## What is required:
Exact copies of all the entries below are expected in the answer.

Records drawn from a dataset
+-------+

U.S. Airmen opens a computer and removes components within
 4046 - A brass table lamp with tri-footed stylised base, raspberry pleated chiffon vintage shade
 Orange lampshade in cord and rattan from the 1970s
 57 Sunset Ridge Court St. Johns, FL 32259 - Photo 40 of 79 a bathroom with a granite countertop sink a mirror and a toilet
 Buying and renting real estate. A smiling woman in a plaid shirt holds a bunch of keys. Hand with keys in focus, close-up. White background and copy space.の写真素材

+-------+

## Task result:
U.S. Airmen opens a computer and removes components within
 4046 - A brass table lamp with tri-footed stylised base, raspberry pleated chiffon vintage shade
 Orange lampshade in cord and rattan from the 1970s
 57 Sunset Ridge Court St. Johns, FL 32259 - Photo 40 of 79 a bathroom with a granite countertop sink a mirror and a toilet
 Buying and renting real estate. A smiling woman in a plaid shirt holds a bunch of keys. Hand with keys in focus, close-up. White background and copy space.の写真素材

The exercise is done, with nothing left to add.